> **Dataset extract**:

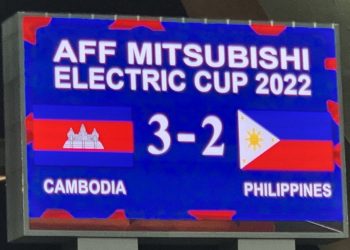 Piala AFF 2022: Kamboja Hajar Filipina 3-2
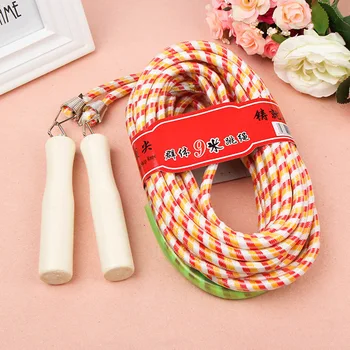 Jump Ropes Long Skipping Rope for Multiplayer Group Teamwork Sports Game 3/5/7/9M &T8
Jump Ropes Long Skipping Rope for Multiplayer Group Teamwork Sports Game 3/5/7/9M &T8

> **Work to complete**: Give back an exact copy of the material above, omitting the pictures.

> **Your solution**:
 Piala AFF 2022: Kamboja Hajar Filipina 3-2
 Jump Ropes Long Skipping Rope for Multiplayer Group Teamwork Sports Game 3/5/7/9M &T8
Jump Ropes Long Skipping Rope for Multiplayer Group Teamwork Sports Game 3/5/7/9M &T8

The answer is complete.